- [TASK INPUT]
^^^^^^^^^^^^^^^^

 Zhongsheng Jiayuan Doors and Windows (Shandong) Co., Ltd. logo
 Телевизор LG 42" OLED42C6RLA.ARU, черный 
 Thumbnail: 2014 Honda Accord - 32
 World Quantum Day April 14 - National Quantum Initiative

^^^^^^^^^^^^^^^^

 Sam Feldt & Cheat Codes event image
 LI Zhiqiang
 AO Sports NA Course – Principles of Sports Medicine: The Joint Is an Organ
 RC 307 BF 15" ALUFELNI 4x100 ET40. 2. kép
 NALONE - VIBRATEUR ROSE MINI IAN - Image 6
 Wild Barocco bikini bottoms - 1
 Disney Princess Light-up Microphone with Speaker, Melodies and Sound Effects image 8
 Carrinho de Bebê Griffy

^^^^^^^^^^^^^^^^

- [WHAT YOU NEED TO DO]
Copy the lines of the data above exactly as written, beginning with the line containing "Zhongsheng Jiayuan Doors" and ending with the line containing "World Quantum Day", and leave out all other lines.

- [ANSWER SECTION]
 Zhongsheng Jiayuan Doors and Windows (Shandong) Co., Ltd. logo
 Телевизор LG 42" OLED42C6RLA.ARU, черный 
 Thumbnail: 2014 Honda Accord - 32
 World Quantum Day April 14 - National Quantum Initiative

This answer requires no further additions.